"""
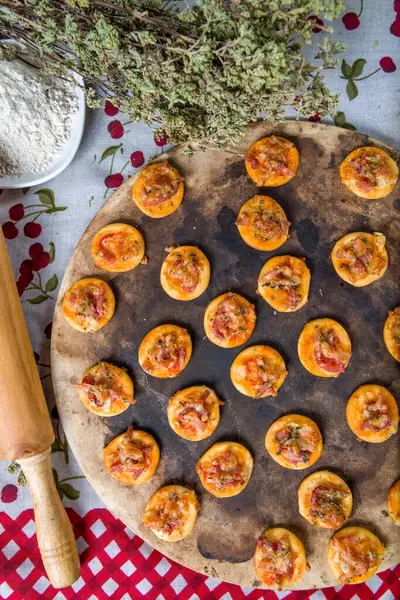 Mutfak malzemeleriyle çevrili mini pizzalar.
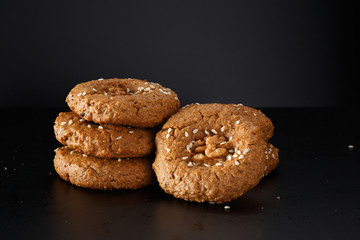 A bunch of homemade oatmeal cookies with nuts, chocolate chips and sesame. On a black background.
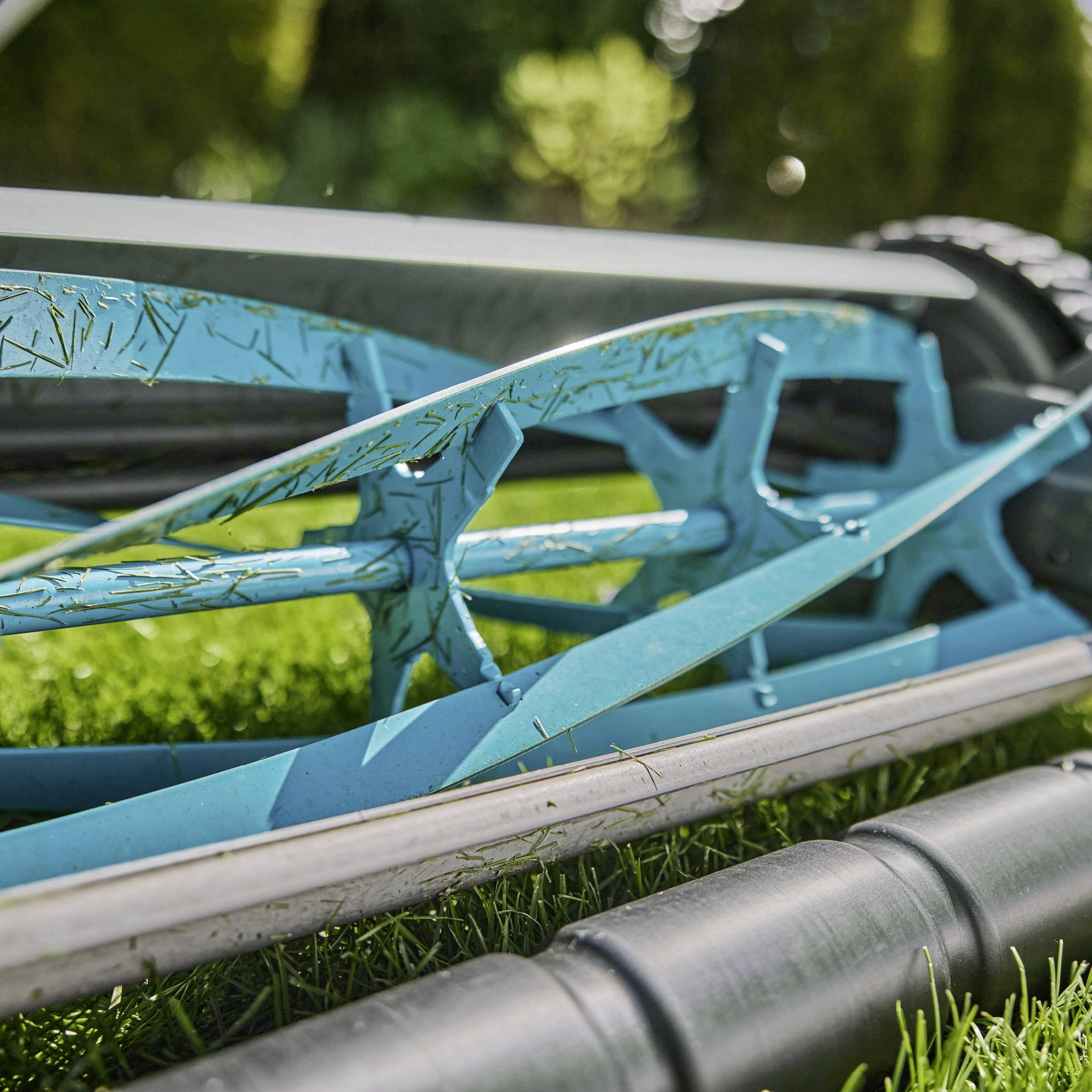 Eine Nahaufnahme eines manuellen Rasenmähers auf Gras, die seinen blauen Metallrahmen, rotierende Klingen und detaillierte mechanische Komponenten zeigt.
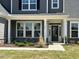 Inviting front entrance with stone accents, manicured landscaping, and craftsman-style door at 467 Ravensworth Dr, Garner, NC 27529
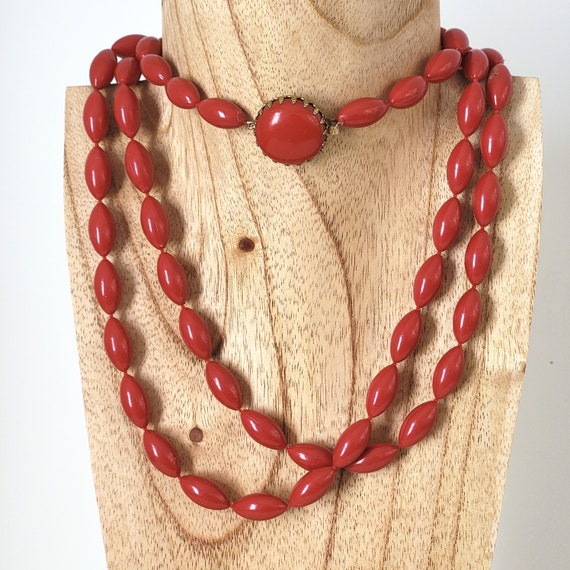 Vintage long red plastic beaded necklace in 70s s… - image 1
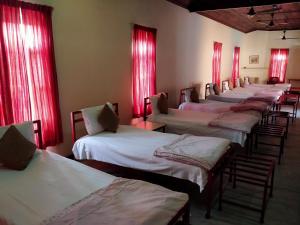 fila de camas en una habitación con cortinas rojas en Naurang Yatri Niwas en Garli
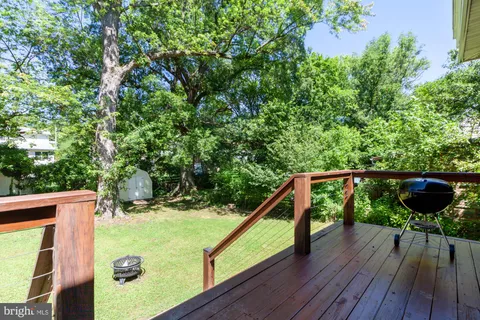 a view of a balcony with wooden floor and outdoor space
"""
** AIM OF THE EXERCISE **
Exactly the lines above, from the one containing "Inviting front entrance" down to the one containing "fila de camas", are to be repeated, including both ends. Pictures are not part of the copy.

** OUTPUT BELOW **
 Inviting front entrance with stone accents, manicured landscaping, and craftsman-style door at 467 Ravensworth Dr, Garner, NC 27529
 Vintage long red plastic beaded necklace in 70s s… - image 1
 fila de camas en una habitación con cortinas rojas en Naurang Yatri Niwas en Garli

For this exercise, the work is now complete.